Quercetin is known for its antihypertensive effects. However, its role on hypertensive renal injury has not been fully elucidated. In this study, hematoxylin and eosin staining, terminal deoxynucleotidyl transferase dUTP nick-end labeling (TUNEL) staining, and Annexin V staining were used to assess the pathological changes and cell apoptosis in the renal tissues of angiotensin II (Ang II)-infused mice and Ang II-stimulated renal tubular epithelial cell line (NRK-52E). A variety of technologies, including network pharmacology, RNA-sequencing, immunohistochemistry, and Western blotting, were performed to investigate its underlying mechanisms. Network pharmacology analysis identified multiple potential candidate targets (including TP53, Bcl-2, and Bax) and enriched signaling pathways (including apoptosis and p53 signaling pathway). Quercetin treatment significantly alleviated the pathological changes in renal tissues of Ang II-infused mice and reversed 464 differentially expressed transcripts, as well as enriched several signaling pathways, including those related apoptosis and p53 pathway. Furthermore, quercetin treatment significantly inhibited the cell apoptosis in renal tissues of Ang II-infused mice and Ang II-stimulated NRK-52E cells. In addition, quercetin treatment inhibited the upregulation of p53, Bax, cleaved-caspase-9, and cleaved-caspase-3 protein expression and the downregulation of Bcl-2 protein expression in both renal tissue of Ang II-infused mice and Ang II-stimulated NRK-52E cells.
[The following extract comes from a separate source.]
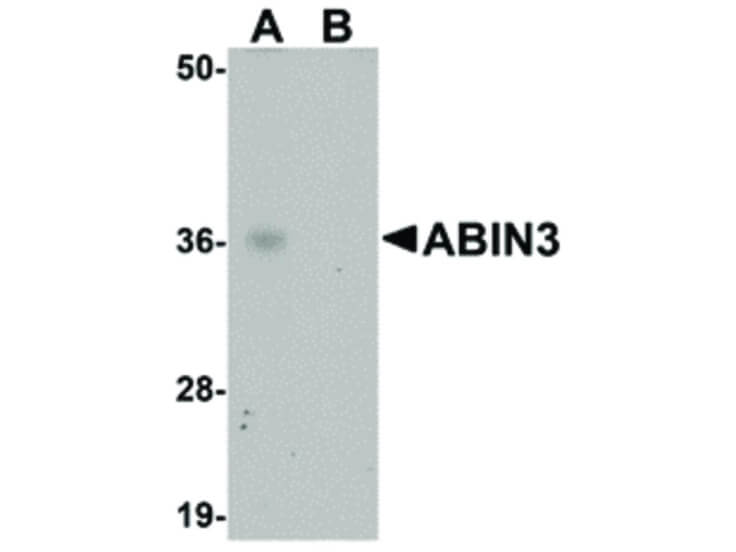 Western Blot of ABIN3 Antibody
Moreover, the molecular docking results indicated a potential binding interaction between quercetin and TP53. Quercetin treatment significantly attenuated hypertensive renal injury and cell apoptosis in renal tissues of Ang II-infused mice and Ang II-stimulated NRK-52E cells and by targeting p53 may be one of the potential underlying mechanisms.
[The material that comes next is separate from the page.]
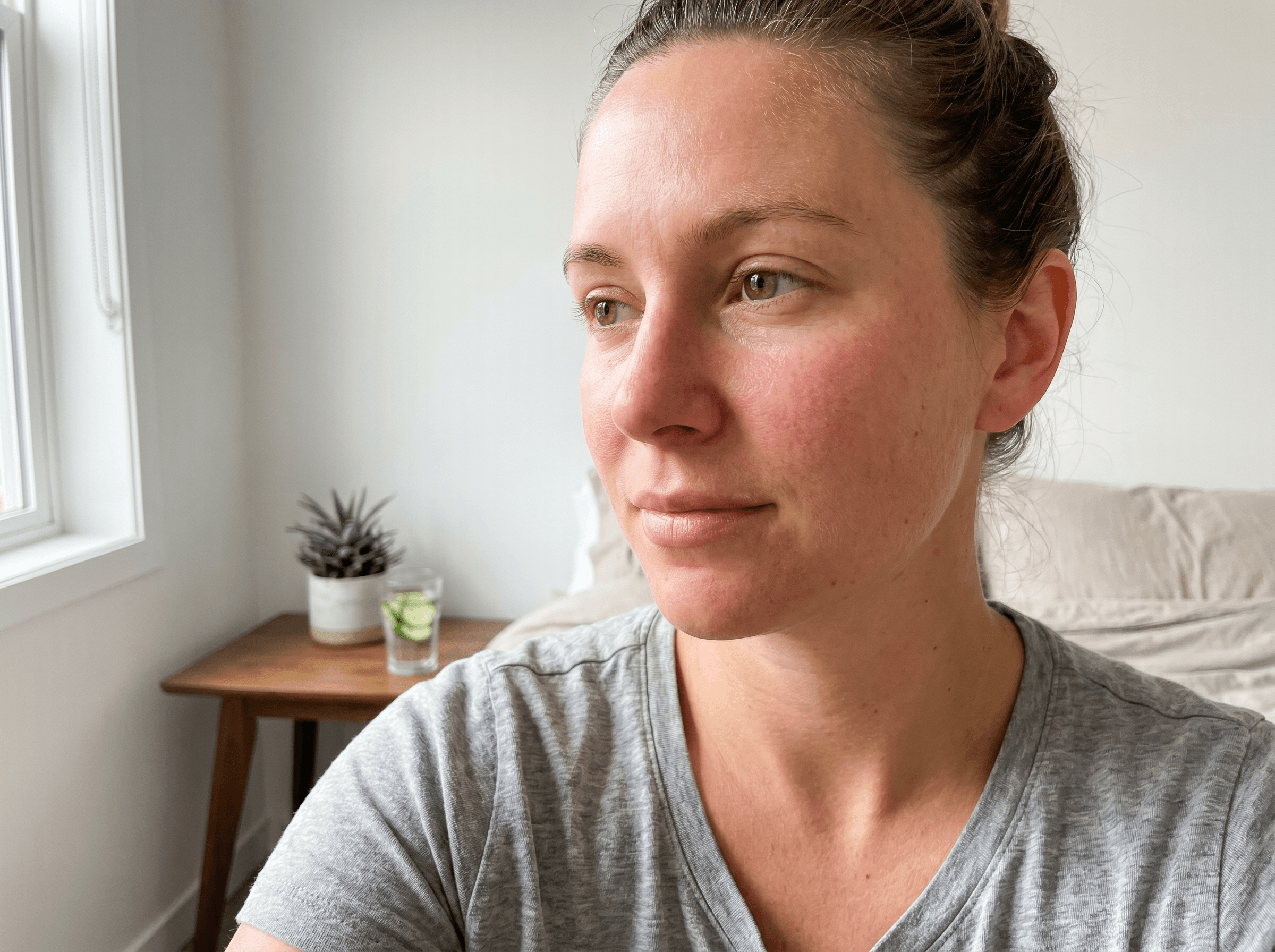 Skin Texture before — Microneedling + Growth Factors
Abstract 03: Glomerular Hyperfiltration Promotes Chronic Kidney Disease through Interleukin 17A-Mediated Inflammation

Impaired renal autoregulation in obesity, diabetes and hypertension (HTN) causes elevated glomerular capillary pressure and glomerular hyperfiltration, initiating progressive glomerulosclerosis (GS), nephron loss and chronic kidney disease (CKD). Increased renal perfusion pressure drives renal T cell infiltration. T helper (Th) 17 cells promote vascular stiffening in HTN and renal interstitial fibrosis post AKI, but their roles in GS and CKD are poorly understood. We hypothesized that glomerular hyperfiltration promotes CKD through Th17-mediated GS and tested the hypothesis in 129S6 mice using the reduced kidney mass model (RKM) induced by uninephrectomy and partial renal artery ligation in the remaining kidney (functional renal mass reduced by ~ 5/6). BP (radiotelemetry) and GFR (FITC-sinistrin) of RKM mice were identical to sham controls at baseline (BL, n=4-6). Immediately after the RKM procedure, GFR dropped to 22% of BL, consistent with the extent of renal mass ablation. Mean BP increased by 29 mmHg first week after 5/6 ablation (144 ± 8 vs BL 112 ± 2 mmHg, p&lt;0.05, 2-way ANOVA) and remained elevated through week 12, exposing the remnant nephrons to increased renal perfusion pressure. Serum creatinine, BUN and urinary albumin were significantly elevated after 5/6 ablation. In RKM mice, GFR gradually increased to 38% of BL at day 3, 57% at week 1 and 68% at week 2, suggesting that systemic HTN and impaired renal autoregulation may have caused substantial single-nephron hyperfiltration in the remnant kidney. GFR plateaued at ~ 70% of BL in week 3-4 then declined to 48% at week 8 when glomerular, interstitial, and microvascular fibrosis developed as evidence by Periodic Acid Schiff and Picro Sirius Red staining. Importantly, the early adaptive increase of GFR in the first 2 weeks post 5/6 ablation was accompanied by a striking increase of renal interleukin (IL)-17A+ T cells, which preceded the late infiltration of CD11b+ myeloid cells, F4/80+ monocyte/macrophages, and T regulatory cells. Anti-IL17A antibodies (eBioMM17F3, 100 μg i.p. twice weekly) attenuated the early hyperfiltration, abolished aortic/renal inflammation, and prevented GFR decline and GS at week 8 in male but not female RKM mice, likely due to the anti-hypertensive and anti-inflammatory effects of IL-17A neutralization. We conclude that glomerular hyperfiltration causes progressive nephron loss and kidney fibrosis in CKD, at least in part, through IL-17A mediated renal inflammation.